Embracing failures and cutting infrastructure costs: Spot instances in Kubernetes

Published in

ITNEXT

12 min readDec 21, 2018

The last decades have seen a global shift from on-premise data centres to the provisioning of Virtual Machines (VMs) from mainstream cloud providers such as Amazon Web Services, Azure, Google Cloud Platform.

Running and managing your own physical machines is hard and costly; chances are you’ll never be as successful and efficient as any of the top cloud providers.

And what’s not to love when you can leverage a mature platform and features such as:

Vertical scalability — You can get instances of different sizes
Horizontal scalability — You can get (almost) as many instances as you want
Flexible pricing — You only pay for what you use
Logistics cost — You don’t have to physically maintain any server (heat control, electricity, backup, storage cost, fire prevention etc…)
Availability — Provision VM in separate data centres
Reliability — If you pay for an instance you’ll keep it until you are done. Should it go down you’ll immediately (+- 5min) get a replacement

In this article, we will explore the different pricing models of a typical cloud provider. We will focus on one strategy and see how it could cut your bill by up to 80% if you are willing to trade in reliability. Finally, we will see how Kubernetes makes that lack of reliability irrelevant and allows you to run a cheap yet highly available cluster.

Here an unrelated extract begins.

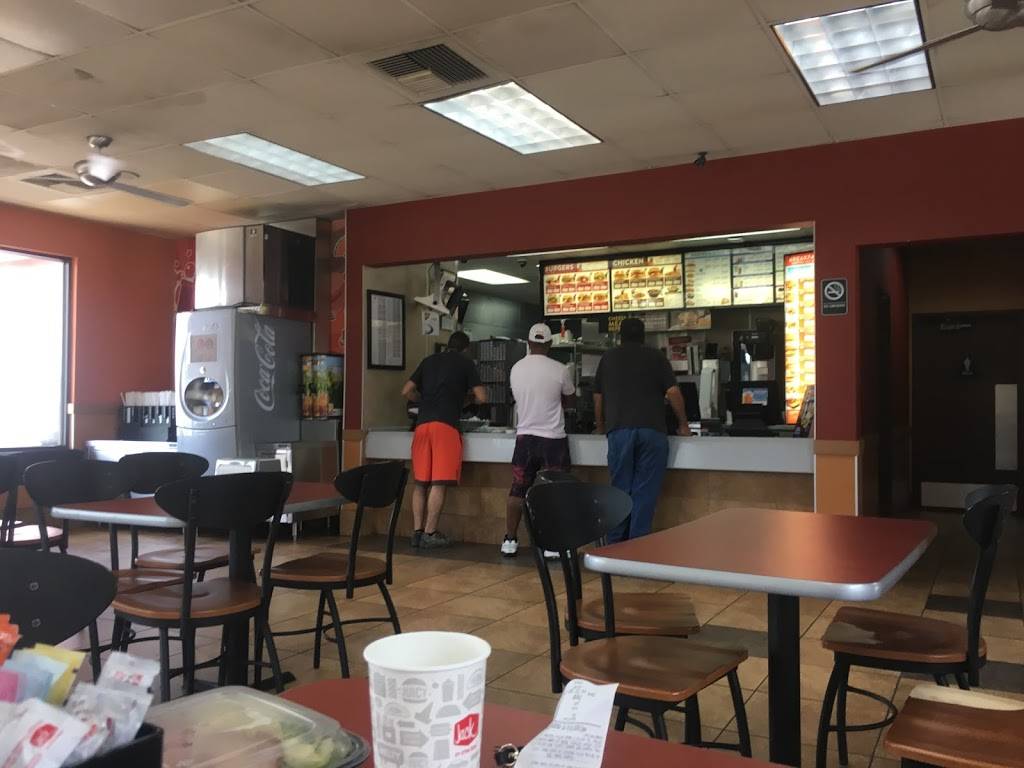 Jack in the Box | restaurant | 11706 S Texas 6, Sugar Land, TX 77478, USA | 8325039443 OR +1 832-503-9443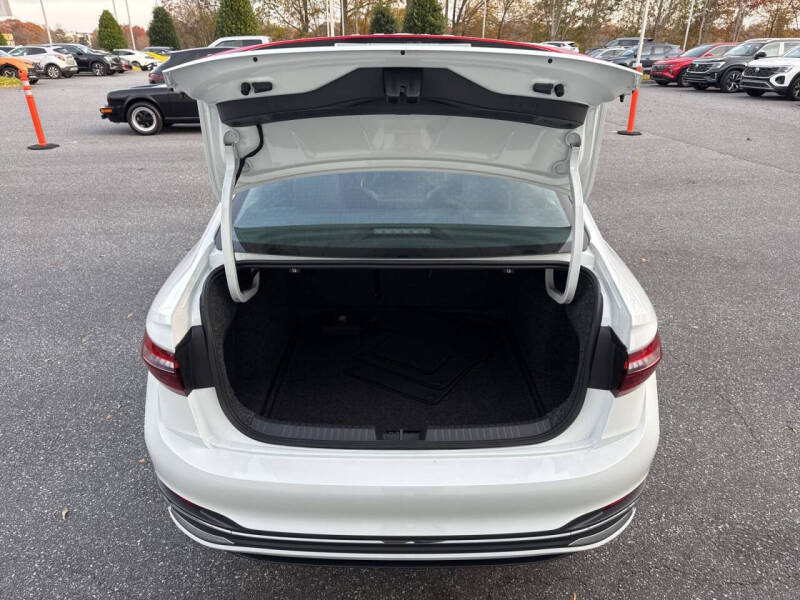 2025 Volkswagen Jetta SEL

Pay-as-you-go: flexibility comes at a price

The typical pricing model for cloud providers is based on a pay-as-you-go scheme. Compute resources come in different sizes (i.e. memory, CPU, disk etc..) and an hourly cost. You get billed for the amount of time the instance is running.

This flexibility of pricing is excellent and fair, but you have to be careful with what you consume. If you leave instances running while you don’t need them anymore, you’ll be throwing money out of the window.

However let’s say you can foresee utilisation of a VM for a whole year. Shouldn’t you be able to get a bulk discount on your bill?

Get a bulk discount with Reserved Instances

With reserved instances, you need to commit to compute resources for at least a whole year, and if you really love commitment, up to five years. You may decide to pay an amount of the bill upfront.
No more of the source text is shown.